In de Romeinse tijd werd de grot gebruikt als het persoonlijke zwemgat van keizer Tiberius en als zeetempel. Tiberius verhuisde in 27 na Christus van de Romeinse hoofdstad naar het eiland Capri. Tijdens het bewind van Tiberius werd de grot versierd met verschillende standbeelden en rustplaatsen rond de rand van de grot. Drie beelden van de Romeinse zeegoden Neptunus en Triton werden in 1964 uit de bodem van de grot gehaald en zijn nu te zien in een museum in Anacapri. Zeven bases met beelden werden ook teruggevonden op de grotvloer in 2009. Dit suggereert dat er nog minstens vier standbeelden op de bodem van de grot liggen.

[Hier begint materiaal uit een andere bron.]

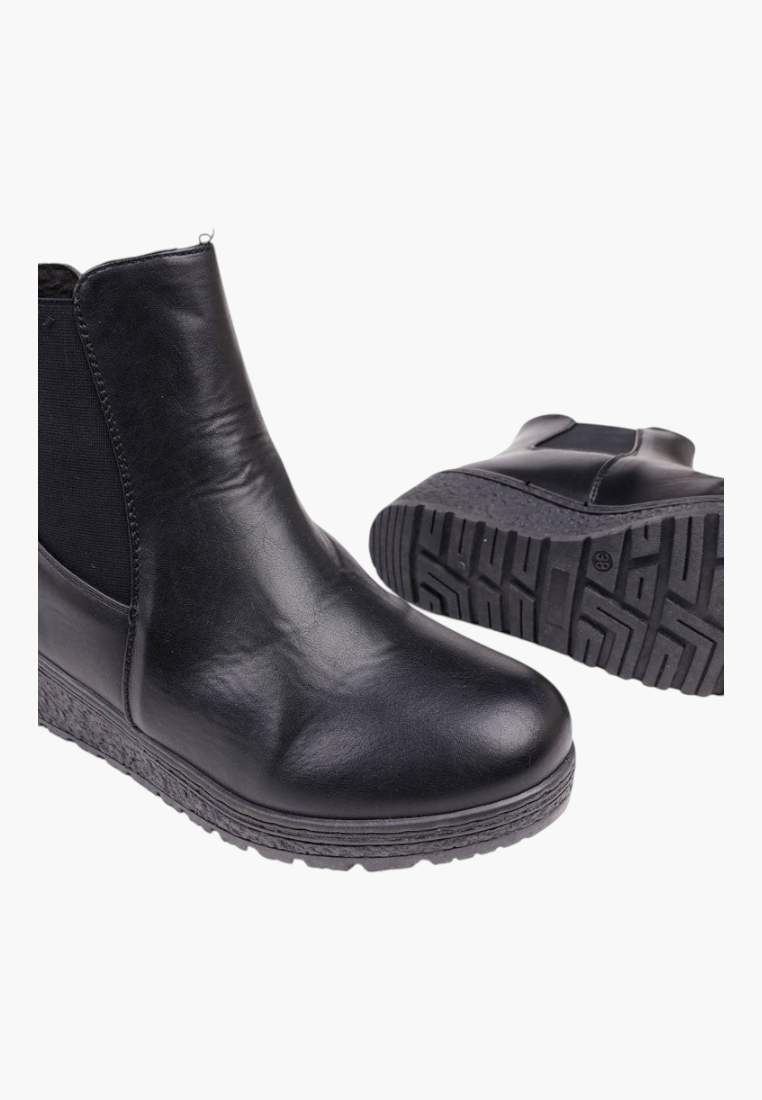 Detail view of black ankle boots highlighting sturdy construction and rubber sole.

De Romeinse historicus Plinius de Oudere beschreef de grot als bevolkt met Triton die “op een schelp speelde”. De nu ontbrekende armen op het herstelde Triton-beeld – meestal afgebeeld met een schelp, suggereren dat de beelden die in 1964 werden teruggevonden dezelfde beelden zijn die Plinius de Oudere in de 1e eeuw na Christus zag. Volgens reconstructies van de originele Blauwe Grot kan er een zwerm Triton-beelden hebben gestaan onder leiding van een Neptunus-beeld in de muren van de grot. De milieuactivistenvereniging Marevivo wil de Blauwe Grot in zijn oude glorie herstellen door identieke kopieën van de beelden te plaatsen waar ze oorspronkelijk in de grot stonden. Dit project wordt uitgevoerd in samenwerking met de archeologische supervisie van Pompeii.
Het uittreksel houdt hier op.